The mono-allylthiolation from 3,6-dichloropyridazines 1a-b to 6-allylthio-3-chloropyridazine 2a,b gave high yields. Reactions of dichloropyridazines with allylmercaptan occurred in yields of more than 91%. Pyridazine halide and piperazine were reacted in the presence of ammonium chloride in n-butanol to form the corresponding amine products relatively in good yields (Table 1, entry 4b). Similarly, perhydroazepine and perhydroazocine were converted into corresponding aminopyridazine derivatives in somewhat lower yields (Table 1, entries 9b and trace amount of 10b) because steric hindrance between tetrahydrophthalazine ring and the large (seven- or eight-membered) heterocyclic ring.

The formation of C-N bond in aminopyridazines was accomplished using NH4Cl for 24~48h in n-butanol. Pyridazines were identified by NMR, IR, GC-MS, and HRMS. The pyridazine NMR peak of 3a,b-10a,b appeared at 6.47-6.89 and 7.05-7.14 ppm, and the allyl peak appeared at 5.08-5.19, 5.25-5.38, and 5.94-6.09 ppm.

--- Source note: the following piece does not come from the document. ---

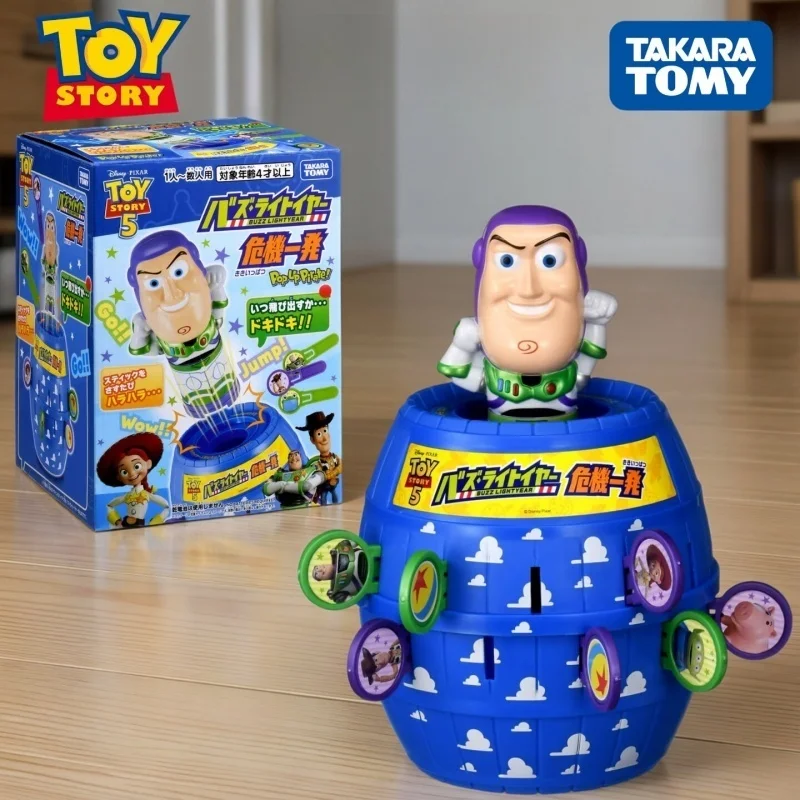 TOMY Toy Story Buzz Lightyear Prank Barrel Game Interactive Pop-Up Toy Bucket With Swords Family Tabletop Entertainment Gifts
TOMY Toy Story Buzz Lightyear Prank Barrel Game Interactive Pop-Up Toy Bucket With Swords Family Tabletop Entertainment Gifts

The pyridazine 13C NMR peak appeared at 118, 128, 152, and 158 ppm. The allylthio 13C NMR peak appeared at 33, 113, and 133 ppm.

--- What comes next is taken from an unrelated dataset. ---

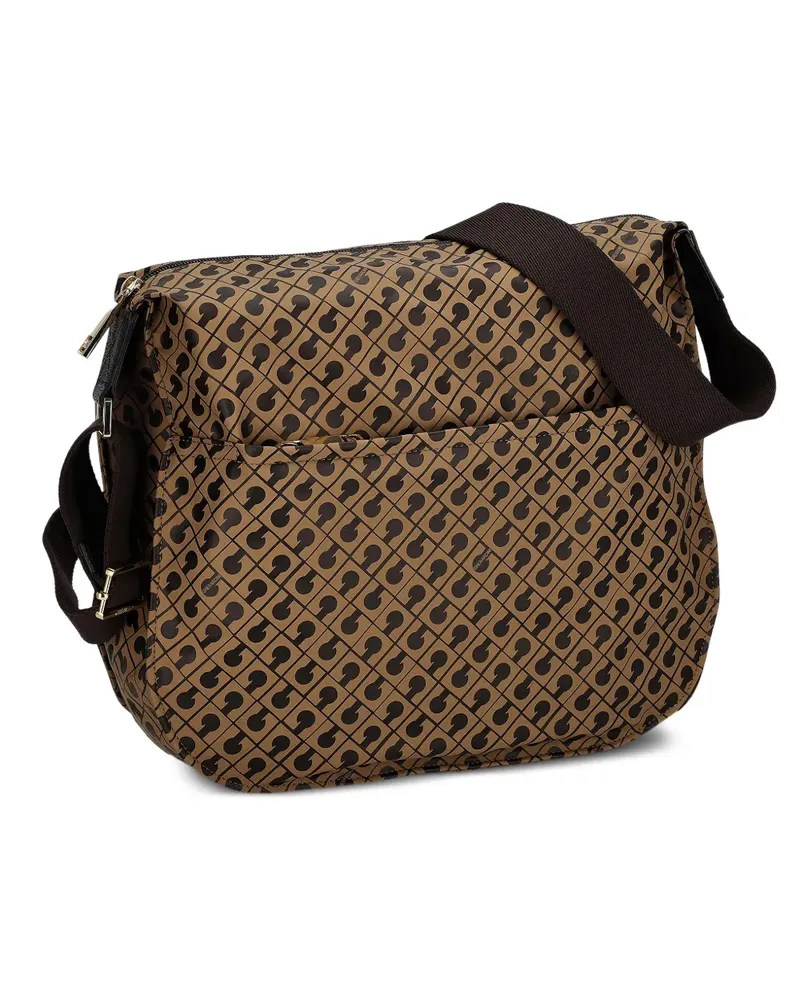 Gherardini patterned backpack - Braun Braun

In conclusion, we synthesized new 6-allylthio-3-heterocyclopyridazine derivatives in order to discover a potential antitumor candidate. The refluxing of 6-allylthio-3-chloropyridazines and the corresponding nucleophilic heterocycle such as morpholine, piperazine, pyrazole, imidazole, piperidine, pyrrolidine, perhydroazepine and perhydroazocine for about 24~48h produced the target compound. The resulted compound will be tested about antitumor activity.